I read the document suggest using LVM to make a hu...
# longhorn-storage
c
I read the document suggest using LVM to make a huge volume for all the disk in Longhorn V1。 But if one disk is fail, the LVM volume will be broken. Is it a good practice to use raid to add more redundancy in production, such as make 6 disk in a Raid5/6 group, then use LVM to make a huge volume.
c
I have RAID card in my server. I think it performs better than software RAID. I want to know is it necessary to do a RAID for better protection.

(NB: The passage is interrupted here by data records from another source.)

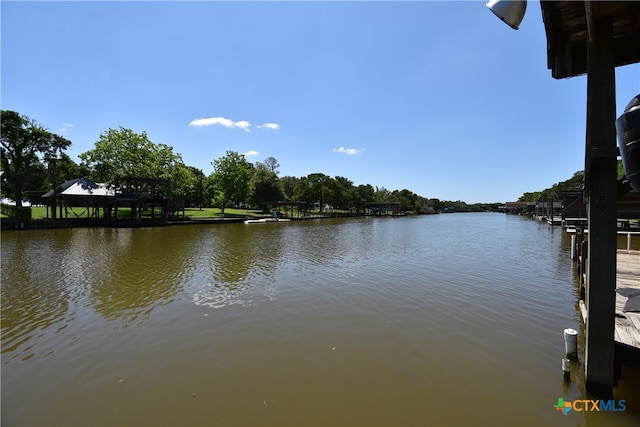 water view with a gazebo and a boat dock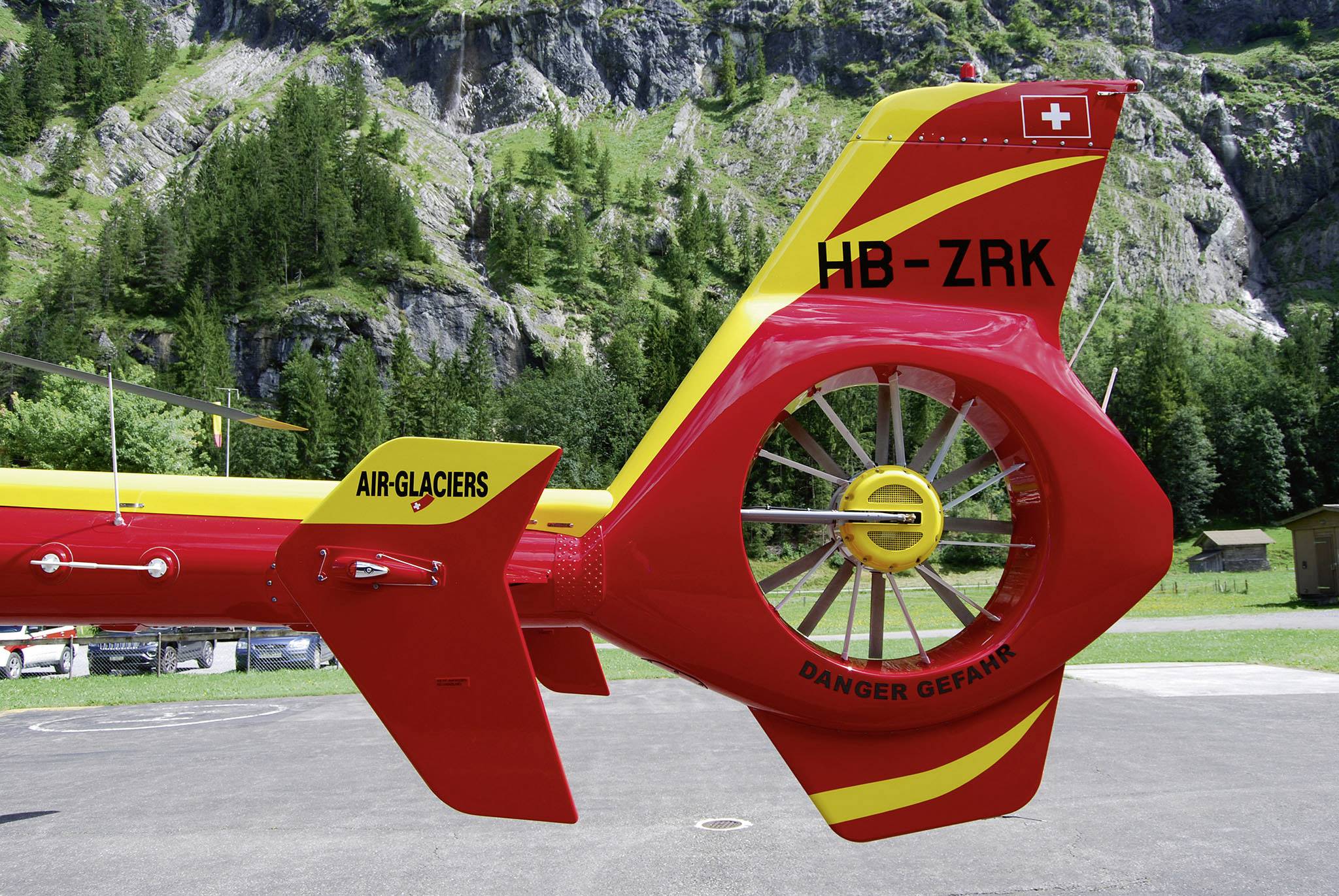 Rotor arrière d'un hélicoptère rouge sur une aire d'atterrissage, portant les inscriptions 'AIR-GLACIERS' et 'HB-ZRK'. Des montagnes et une forêt sont visibles en arrière-plan.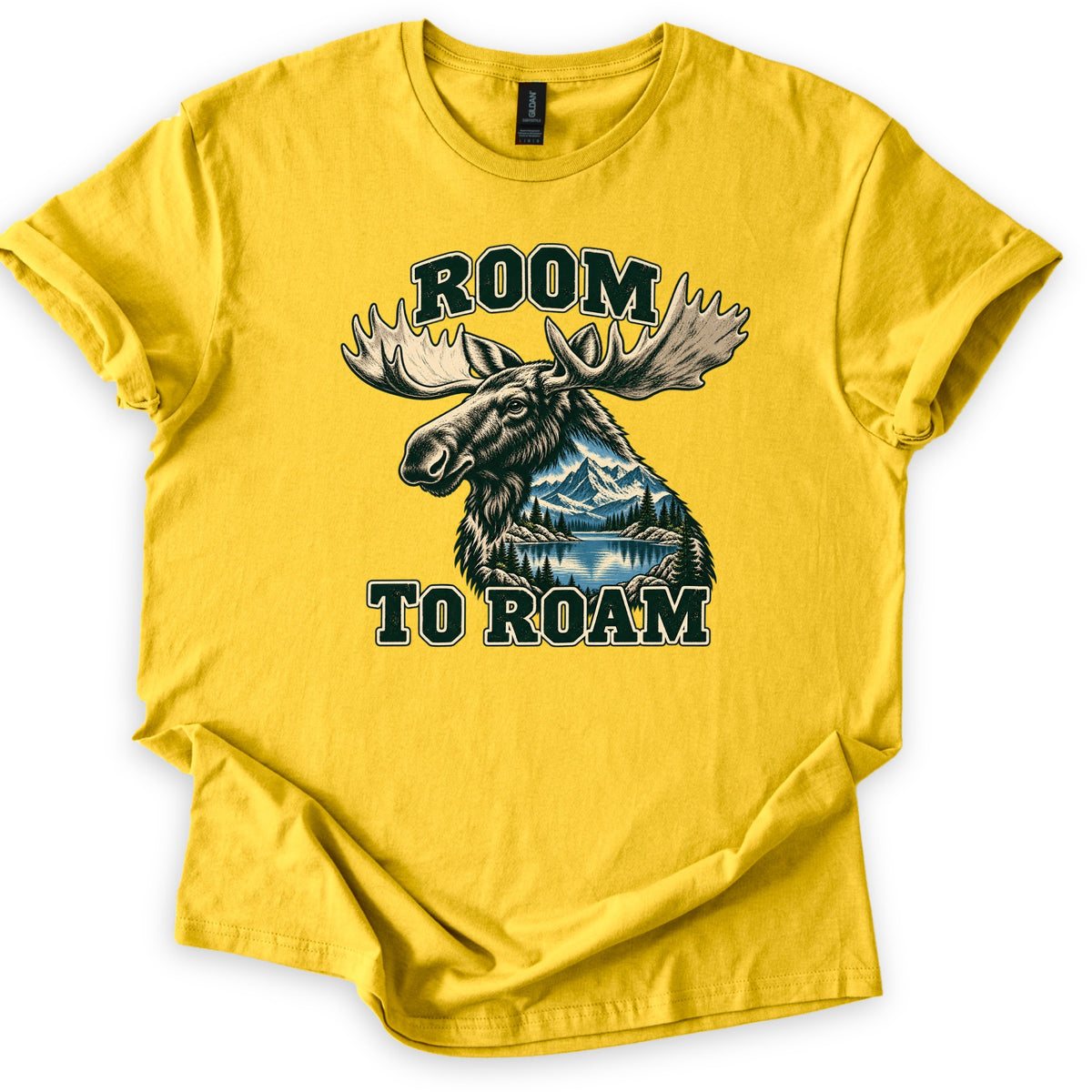 Room to Roam Comfort Colors T-shirt in Daisy, laid flat. A moose head with large pale antlers, its neck filled with a scene of snowy mountains, pine trees and a blue lake, between the words ROOM and TO ROAM in dark green block letters. Sleeves rolled, on a white background.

Ceph is not recommended to do RAID.
So what is longhorn?
h
m
Longhorn does replication out of the box to be fault tolerant. Using software raid or hardware raid will hinder performance noticeably fyi.
c
Yes, I understand there is replication。 But imagine A single disk have 99.99% reliability each year. Using 24 disk to make a large LVM volume, the reliability of the volume will become 99.99% power 24, the result is 23%. So a replication reliability is not high.
👍 1
b
We are planning to use LVM across subsets of disks in the physical nodes. e.g. turning 6 x 2TB drives in each node into the equivalent of 3 x 4TB drives so a disk failure won't take down an entire node's storage and longhorn has an easier time with scheduling
if your typical PVC size is significantly smaller than your physical disks there is probably no need
c
@brainy-kilobyte-33711 After last weekend research, I still believe RAID(or even Hardware RAID) is important for Longhorn V1‘s LVM volume in prod. Just think the disk containing your ext4 filesystem inodes is broken, your total filesystem is broken. All your pvc file is lost. I decide to use 5 disks as a group to form a hardware RAID 5. Longhorn V2 engine uses raw disk to manage replications. When its "Single Logical Volume Store Across Multiple Disks" feature is ready, I think it can do without RAID in prod
b
As mentioned before, would longhorn's replication not mitigate that risk? If a disk in a node fails and takes down the entire LVM volume group, your data would still be available on other replicas on other nodes. V2 will hopefully also support data shading https://github.com/longhorn/longhorn/issues/1061
c
yes, but a LVM volume's replication is so easy to be broken. I think you need at least three replications to achieve a pretty good protection. With Raid 5 and 2 replication, it saves your cost.
And longhorn need to rebuild this entire large volume's pvc. It need your to have enough space and also eats your resources.